Più volte aveva segnalato che le risorse assegnate nell’appalto erano manifestamente insufficienti, facendo presente che la nuova azienda appaltatrice aveva persino ridotto il già limitato organico previsto dalla precedente azienda affidataria del servizio che in passato garantiva la pulizia di quegli stessi uffici.

La richiesta della Filcams di accedere alla scheda tecnica del capitolato d’appalto al fine di palesare l’inadeguatezza delle risorse impiegate dall’azienda appaltatrice determinava l’immediato allontanamento di Maria dal suo posto di lavoro.

La decisione dell’azienda, motivata su una asserita incompatibilità “ambientale”, ha ingenerato nella lavoratrice una condizione di stress in quanto la modifica del luogo di lavoro imponeva spostamenti che non le consentivano più di conciliare il suo impegno lavorativo con la necessità di assistere i suoi due figli.

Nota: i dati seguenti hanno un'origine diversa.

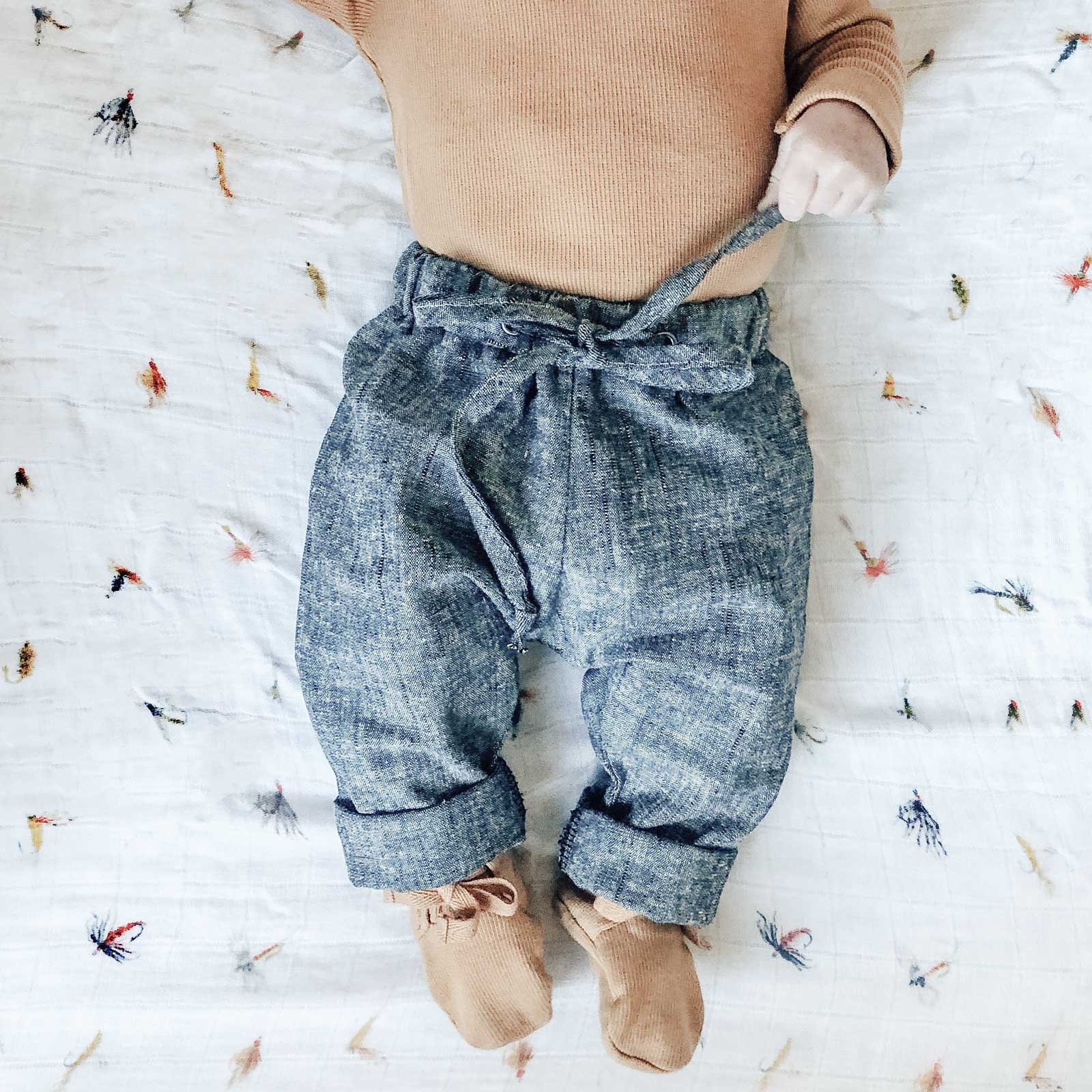 baby boy lying on muslin sheets wearing Beya Made linen pants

Il già precario equilibrio che le consentiva un contemperamento tra i tempi di vita e di lavoro veniva, infatti, stravolto da quella misura organizzativa che all’improvviso impediva a Maria di potere adeguatamente assistere il figlio minore nelle sue esigenze quotidiane e parascolastiche.

Da sola Maria non poteva percorrere la città barcamenandosi tra il lavoro, la gestione della casa e la cura dei figli che quotidianamente doveva accompagnare a scuola e nelle attività extrascolastiche fondamentali per il loro sviluppo.

Il Tribunale, adito dalla lavoratrice sostenuta nella sua azione dalla Cgil aquilana, con un'innovativa decisione ha riconosciuto la compromissione del diritto di Maria alla serenità familiare, violato da quel trasferimento che non le consentiva di vivere a pieno il suo ruolo di madre lavoratrice assicurando la necessaria alternanza tra gli impegni familiari e il lavoro.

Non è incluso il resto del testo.